Btw Andy, Jay might already have told you this, but I’m hoping to join you at UCLA next year. What classes are you taking this term?

• Z Norwood says:

Apparently WP doesn’t like “\left”; I guess it wants “\langle” and “\rangle instead.

• Z Norwood says:

GAHHH!!!!! Stupid WP. What I meant was:
Apparently WP doesn’t like “\left<” or “\right>”; I guess it wants “\langle” and “\rangle instead.

• soffer801 says:

Zach, a few things:

First, I edited your post to make it what I think you meant. Let me know if I was wrong.

By “repeating the argument” what I meant was that you can generalize.
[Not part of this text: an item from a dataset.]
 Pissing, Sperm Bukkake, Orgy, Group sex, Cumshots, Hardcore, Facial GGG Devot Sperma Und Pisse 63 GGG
The proof I gave is simply the one I suggested starting with $\varnothing$ as your linearly independent set.

What you seem to have done is taken the first result, and applied the correspondence theorem and AC to pull back a basis. It’s an interesting idea, and works fine, but I suppose I don’t see what you gain from this. You’re still using AC (which is of course unavoidable).

Jay did not already tell me that. Shame on him. I’m taking the algebra, differential topology, and logic sequences. Let me know if you’re coming to visit.

• Z Norwood says:

Thanks for the edits. That looks right.

Right; I was just suggesting a way to prove the stronger result from your result without doing the same Zorn’s-Lemma argument all over again. But, of course, you probably only mentioned the stronger result to offer the reader a chance to try his/her own ZL argument, which my suggestion avoids. Oh well. I really like it when this sort of thing happens, though: some result turns out to be equivalent to another result that’s obviously stronger. (Leader has talked about this a lot in Ramsey Theory this term, results that prove their generalisations.)

Psshhh, how typical of Jay. Unfortunately, I doubt I’ll visit. I went to a campus visit last spring, and I’m in England this year, so I probably won’t fly all the way back again. But if I get in again, I’ll see you next summer!

Good course choices! I’m sure Anton is in (at least) logic with you; tell him I said hi! Who is teaching the logic sequence this year?